══ Data supplied

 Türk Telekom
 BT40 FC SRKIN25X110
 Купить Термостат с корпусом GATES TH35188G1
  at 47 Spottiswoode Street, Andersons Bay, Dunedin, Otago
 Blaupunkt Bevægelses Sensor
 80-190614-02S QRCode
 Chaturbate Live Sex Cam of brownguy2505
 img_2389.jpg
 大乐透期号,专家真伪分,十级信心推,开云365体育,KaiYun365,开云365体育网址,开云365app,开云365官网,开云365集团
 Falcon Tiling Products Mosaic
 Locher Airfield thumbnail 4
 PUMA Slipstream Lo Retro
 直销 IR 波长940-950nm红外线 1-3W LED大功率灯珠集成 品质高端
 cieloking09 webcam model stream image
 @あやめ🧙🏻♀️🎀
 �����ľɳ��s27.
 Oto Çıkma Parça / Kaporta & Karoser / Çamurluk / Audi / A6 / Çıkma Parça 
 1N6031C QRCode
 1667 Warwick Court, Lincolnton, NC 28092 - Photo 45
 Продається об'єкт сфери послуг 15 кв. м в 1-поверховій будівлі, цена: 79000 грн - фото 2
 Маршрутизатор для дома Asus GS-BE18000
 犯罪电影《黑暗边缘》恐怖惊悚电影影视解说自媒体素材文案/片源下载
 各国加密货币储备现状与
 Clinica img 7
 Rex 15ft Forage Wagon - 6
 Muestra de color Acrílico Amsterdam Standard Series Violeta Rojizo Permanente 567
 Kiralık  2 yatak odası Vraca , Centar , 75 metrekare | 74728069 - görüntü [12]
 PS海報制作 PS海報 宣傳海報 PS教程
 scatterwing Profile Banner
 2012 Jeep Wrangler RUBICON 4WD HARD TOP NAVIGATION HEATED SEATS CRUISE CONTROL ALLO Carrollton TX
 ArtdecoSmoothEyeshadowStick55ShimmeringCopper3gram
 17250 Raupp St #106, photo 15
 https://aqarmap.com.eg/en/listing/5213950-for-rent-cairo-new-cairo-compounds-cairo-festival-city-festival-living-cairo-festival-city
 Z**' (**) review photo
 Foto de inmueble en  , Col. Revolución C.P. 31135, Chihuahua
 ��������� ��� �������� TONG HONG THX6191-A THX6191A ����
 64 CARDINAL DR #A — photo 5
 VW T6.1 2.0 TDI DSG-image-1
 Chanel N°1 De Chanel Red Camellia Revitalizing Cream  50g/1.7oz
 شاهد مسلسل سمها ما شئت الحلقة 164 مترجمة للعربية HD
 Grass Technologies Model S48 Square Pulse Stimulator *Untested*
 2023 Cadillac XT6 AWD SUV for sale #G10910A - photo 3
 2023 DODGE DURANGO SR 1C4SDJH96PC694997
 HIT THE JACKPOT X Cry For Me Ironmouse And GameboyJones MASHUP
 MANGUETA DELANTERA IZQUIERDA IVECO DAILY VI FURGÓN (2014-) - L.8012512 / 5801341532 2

════

_What you will do_
Given the records above, reproduce precisely and only the lines between the line holding "1667 Warwick Court, Lincolnton, NC" and the line holding "2023 DODGE DURANGO SR 1C4SDJH96PC694997", inclusive.

_Response to the exercise_
 1667 Warwick Court, Lincolnton, NC 28092 - Photo 45
 Продається об'єкт сфери послуг 15 кв. м в 1-поверховій будівлі, цена: 79000 грн - фото 2
 Маршрутизатор для дома Asus GS-BE18000
 犯罪电影《黑暗边缘》恐怖惊悚电影影视解说自媒体素材文案/片源下载
 各国加密货币储备现状与
 Clinica img 7
 Rex 15ft Forage Wagon - 6
 Muestra de color Acrílico Amsterdam Standard Series Violeta Rojizo Permanente 567
 Kiralık  2 yatak odası Vraca , Centar , 75 metrekare | 74728069 - görüntü [12]
 PS海報制作 PS海報 宣傳海報 PS教程
 scatterwing Profile Banner
 2012 Jeep Wrangler RUBICON 4WD HARD TOP NAVIGATION HEATED SEATS CRUISE CONTROL ALLO Carrollton TX
 ArtdecoSmoothEyeshadowStick55ShimmeringCopper3gram
 17250 Raupp St #106, photo 15
 https://aqarmap.com.eg/en/listing/5213950-for-rent-cairo-new-cairo-compounds-cairo-festival-city-festival-living-cairo-festival-city
 Z**' (**) review photo
 Foto de inmueble en  , Col. Revolución C.P. 31135, Chihuahua
 ��������� ��� �������� TONG HONG THX6191-A THX6191A ����
 64 CARDINAL DR #A — photo 5
 VW T6.1 2.0 TDI DSG-image-1
 Chanel N°1 De Chanel Red Camellia Revitalizing Cream  50g/1.7oz
 شاهد مسلسل سمها ما شئت الحلقة 164 مترجمة للعربية HD
 Grass Technologies Model S48 Square Pulse Stimulator *Untested*
 2023 Cadillac XT6 AWD SUV for sale #G10910A - photo 3
 2023 DODGE DURANGO SR 1C4SDJH96PC694997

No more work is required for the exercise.